### YOUR ASSIGNMENT
Below are some records. Write out the line that contains "اتاق استاندارد سه" and all lines after it, exactly, but not the pictures.

### Recorded data
BEGIN
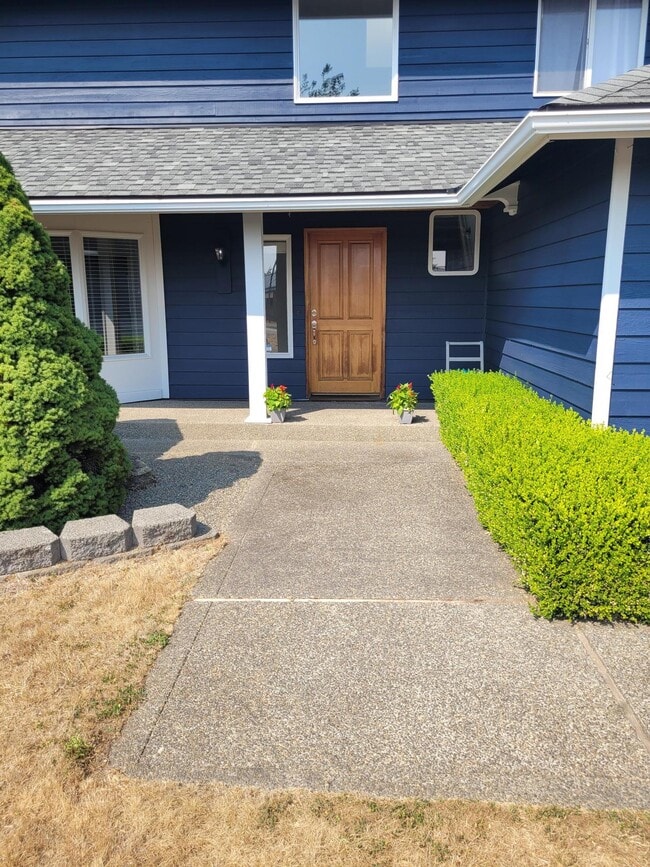 Building Photo - 10615 Hillsboro Dr NW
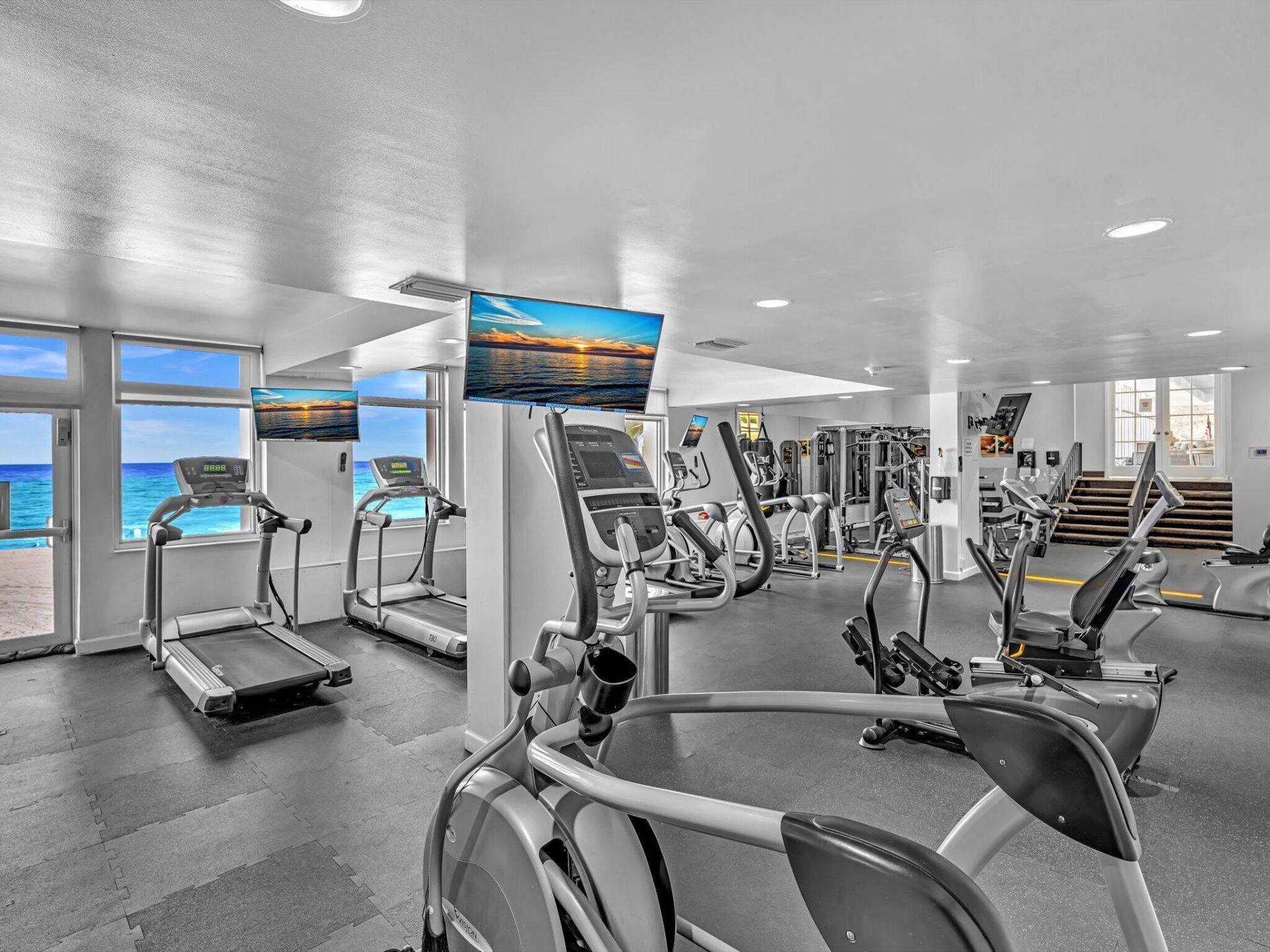 4300 N Ocean Boulevard, Unit 2D, Fort Lauderdale, FL 33308 Photo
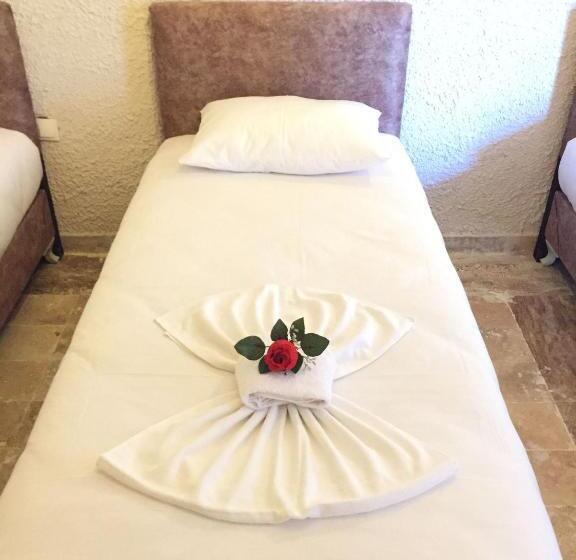 اتاق استاندارد سه نفره, Cappadocia Urgup Stone House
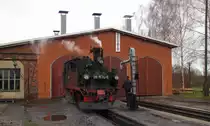 D�llnitzbahn 99 1574-5 beim wasserfassen im Bw M�geln, fotografier w�hrend einer angebotenen Besichtigung im Rahmen der  Gl�hweinfahrten  am 02.01.2012.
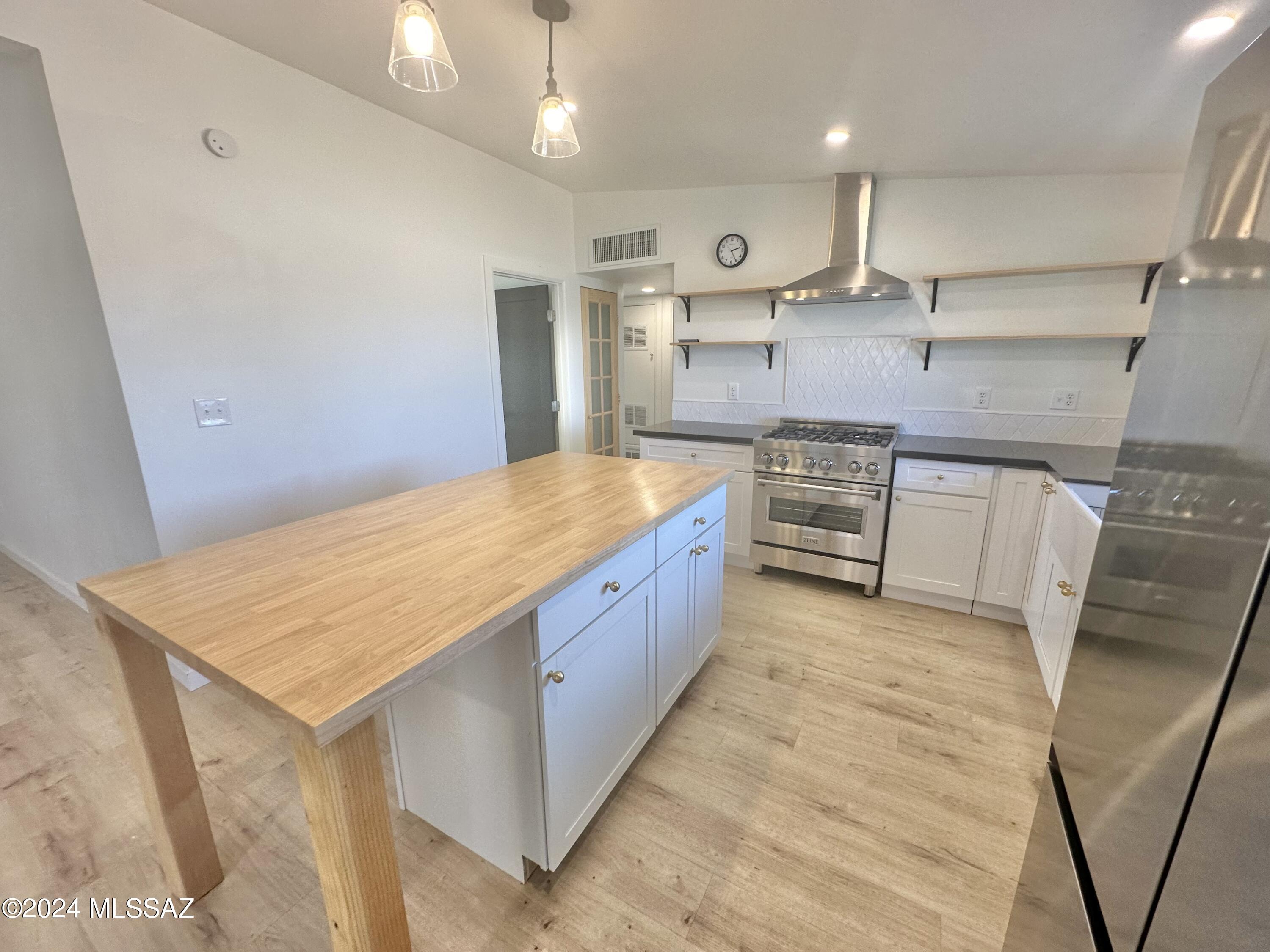 227 S Ave B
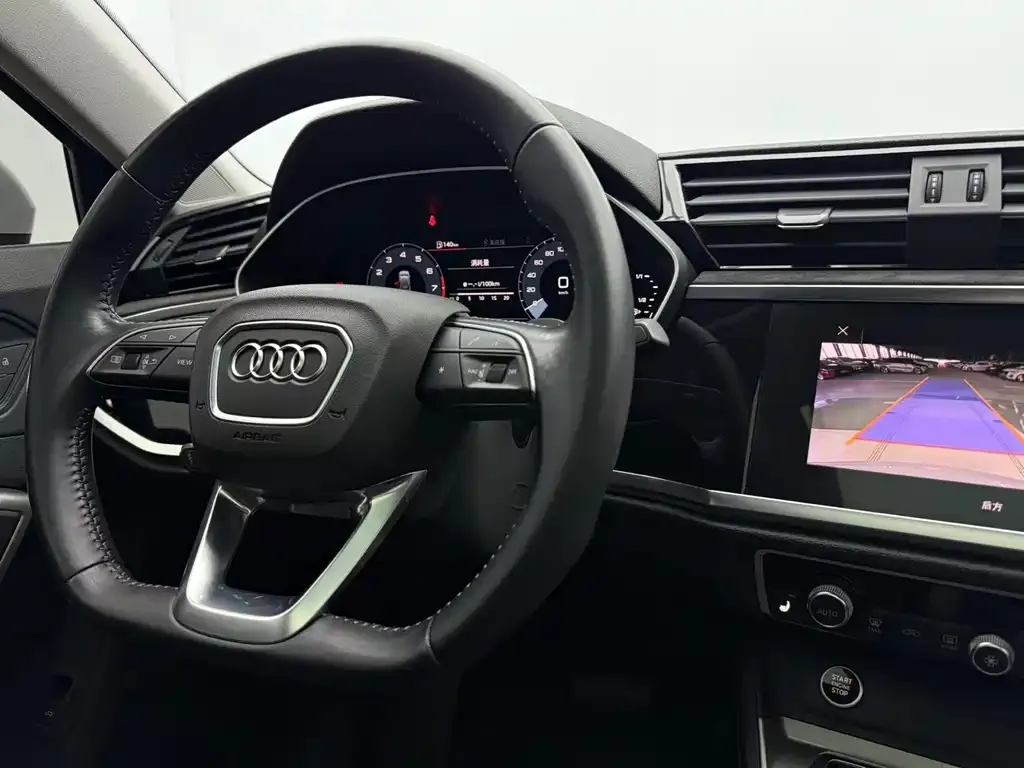 Audi Q3 2021 из CN, фото 4
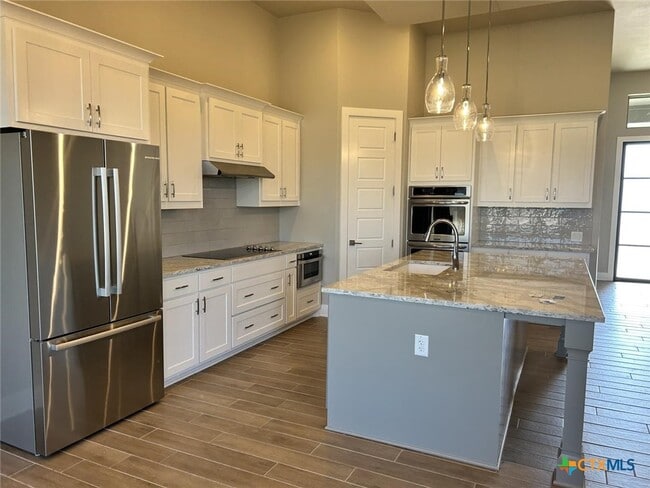 Building Photo - 6426 Clayton Ct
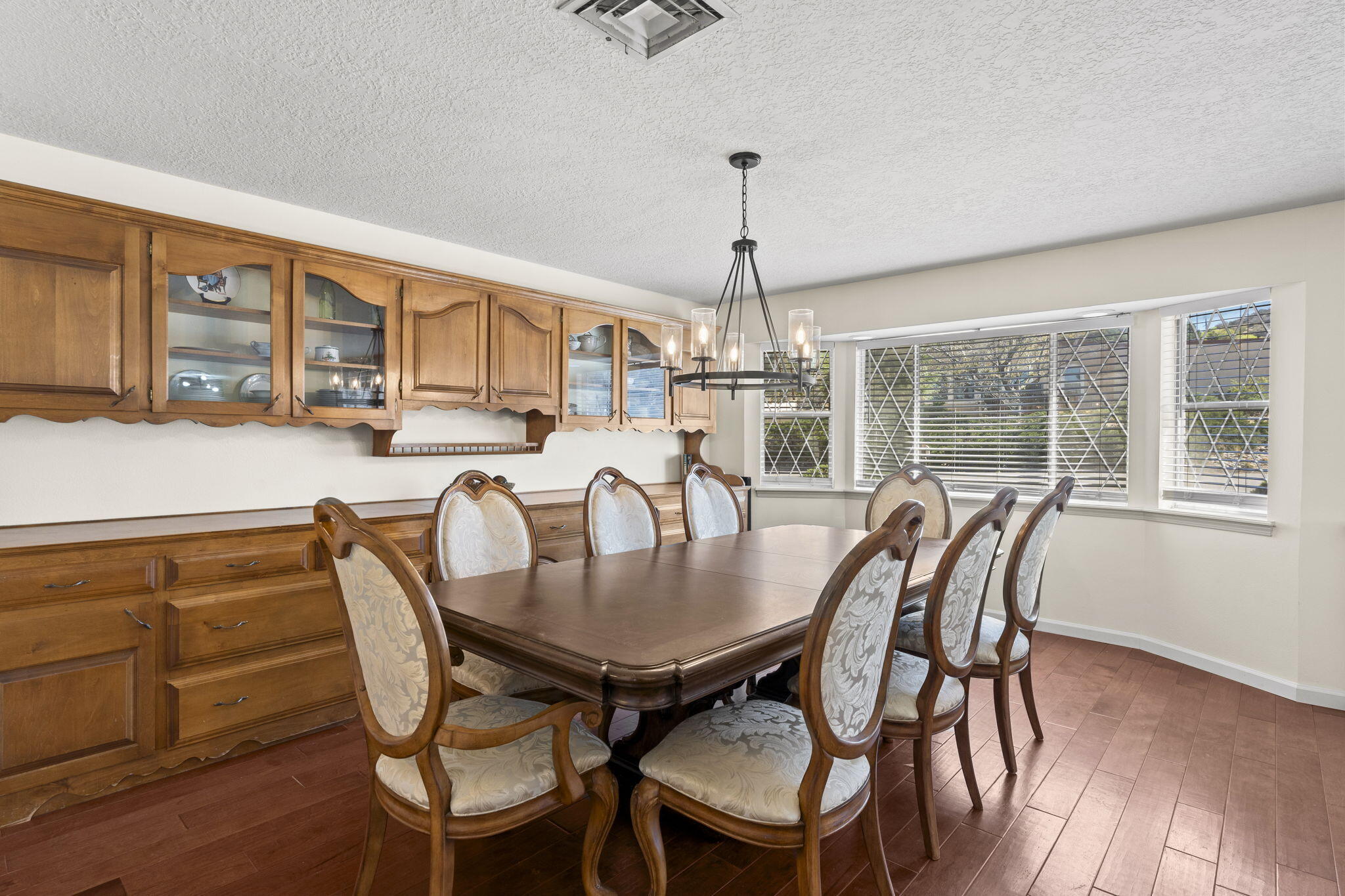 13212 MONTGOMERY Boulevard NE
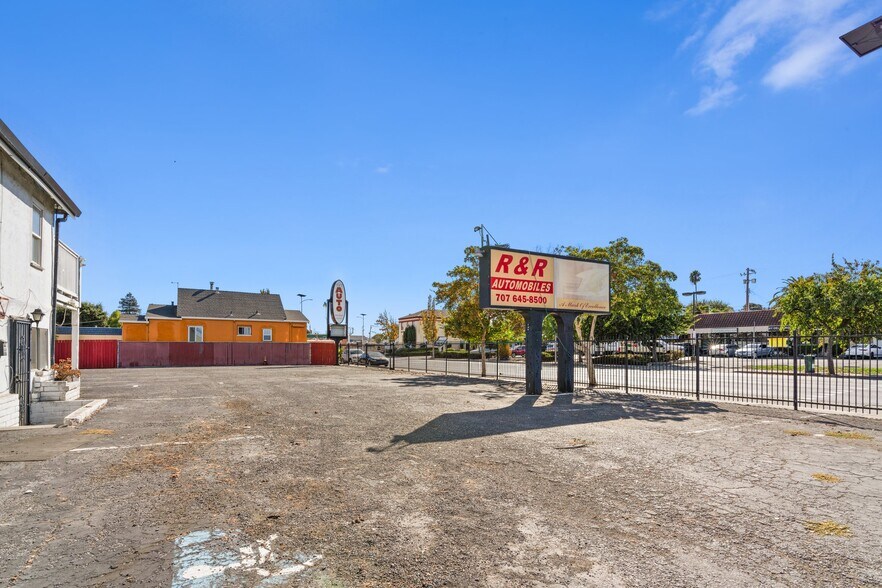 More Photos Of 1706-1708 Sutter St, Vallejo Apartments For Sale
END
### EXPECTED OUTPUT
 اتاق استاندارد سه نفره, Cappadocia Urgup Stone House
 D�llnitzbahn 99 1574-5 beim wasserfassen im Bw M�geln, fotografier w�hrend einer angebotenen Besichtigung im Rahmen der  Gl�hweinfahrten  am 02.01.2012.
 227 S Ave B
 Audi Q3 2021 из CN, фото 4
 Building Photo - 6426 Clayton Ct
 13212 MONTGOMERY Boulevard NE
 More Photos Of 1706-1708 Sutter St, Vallejo Apartments For Sale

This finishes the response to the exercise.